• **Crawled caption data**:
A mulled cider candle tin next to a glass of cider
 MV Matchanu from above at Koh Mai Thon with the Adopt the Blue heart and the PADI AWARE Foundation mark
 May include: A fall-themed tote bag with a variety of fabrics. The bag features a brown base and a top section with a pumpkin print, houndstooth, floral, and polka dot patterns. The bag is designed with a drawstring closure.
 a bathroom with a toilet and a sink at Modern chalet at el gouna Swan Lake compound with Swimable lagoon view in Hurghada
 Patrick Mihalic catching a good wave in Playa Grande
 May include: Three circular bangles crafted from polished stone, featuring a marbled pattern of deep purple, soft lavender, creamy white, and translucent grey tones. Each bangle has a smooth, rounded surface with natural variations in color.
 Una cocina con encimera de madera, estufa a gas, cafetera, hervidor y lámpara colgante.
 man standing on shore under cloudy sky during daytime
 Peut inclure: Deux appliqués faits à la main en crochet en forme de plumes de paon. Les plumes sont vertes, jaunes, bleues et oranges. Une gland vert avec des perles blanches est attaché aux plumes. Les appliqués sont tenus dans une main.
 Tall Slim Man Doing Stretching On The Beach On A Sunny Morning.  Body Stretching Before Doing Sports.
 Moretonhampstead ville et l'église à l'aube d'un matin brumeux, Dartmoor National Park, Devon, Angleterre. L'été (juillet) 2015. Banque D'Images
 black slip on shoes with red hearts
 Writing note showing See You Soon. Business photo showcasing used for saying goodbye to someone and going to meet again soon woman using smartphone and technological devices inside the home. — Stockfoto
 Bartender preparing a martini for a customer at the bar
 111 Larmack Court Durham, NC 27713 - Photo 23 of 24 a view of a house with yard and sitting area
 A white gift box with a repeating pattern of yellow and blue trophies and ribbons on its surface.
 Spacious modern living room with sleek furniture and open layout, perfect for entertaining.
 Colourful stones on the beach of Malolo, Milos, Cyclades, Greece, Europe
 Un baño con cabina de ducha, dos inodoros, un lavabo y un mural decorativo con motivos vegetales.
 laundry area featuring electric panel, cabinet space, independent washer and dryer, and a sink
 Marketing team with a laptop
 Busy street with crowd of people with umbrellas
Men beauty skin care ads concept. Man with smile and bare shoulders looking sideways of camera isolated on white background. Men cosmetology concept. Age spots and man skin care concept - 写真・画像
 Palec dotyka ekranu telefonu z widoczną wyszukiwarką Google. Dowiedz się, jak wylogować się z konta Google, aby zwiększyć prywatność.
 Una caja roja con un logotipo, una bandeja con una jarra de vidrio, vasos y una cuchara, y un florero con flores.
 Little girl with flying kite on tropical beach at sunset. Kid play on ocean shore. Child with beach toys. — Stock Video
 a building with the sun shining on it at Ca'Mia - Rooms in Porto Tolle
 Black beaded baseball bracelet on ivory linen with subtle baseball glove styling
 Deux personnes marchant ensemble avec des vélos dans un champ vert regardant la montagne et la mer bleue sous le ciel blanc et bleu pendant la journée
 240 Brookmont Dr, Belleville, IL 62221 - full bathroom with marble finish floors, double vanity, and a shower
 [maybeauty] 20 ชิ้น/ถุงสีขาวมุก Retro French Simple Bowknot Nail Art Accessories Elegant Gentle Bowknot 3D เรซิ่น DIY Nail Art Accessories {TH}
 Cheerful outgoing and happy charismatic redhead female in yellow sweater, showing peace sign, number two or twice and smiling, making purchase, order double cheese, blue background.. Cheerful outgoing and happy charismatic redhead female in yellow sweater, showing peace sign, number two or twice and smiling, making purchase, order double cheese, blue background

• **Your instructions**:
Repeat, exactly as they stand above, the lines from the line with "Bartender preparing a" to the line with "Un baño con", both lines included.

• **Solution**:
 Bartender preparing a martini for a customer at the bar
 111 Larmack Court Durham, NC 27713 - Photo 23 of 24 a view of a house with yard and sitting area
 A white gift box with a repeating pattern of yellow and blue trophies and ribbons on its surface.
 Spacious modern living room with sleek furniture and open layout, perfect for entertaining.
 Colourful stones on the beach of Malolo, Milos, Cyclades, Greece, Europe
 Un baño con cabina de ducha, dos inodoros, un lavabo y un mural decorativo con motivos vegetales.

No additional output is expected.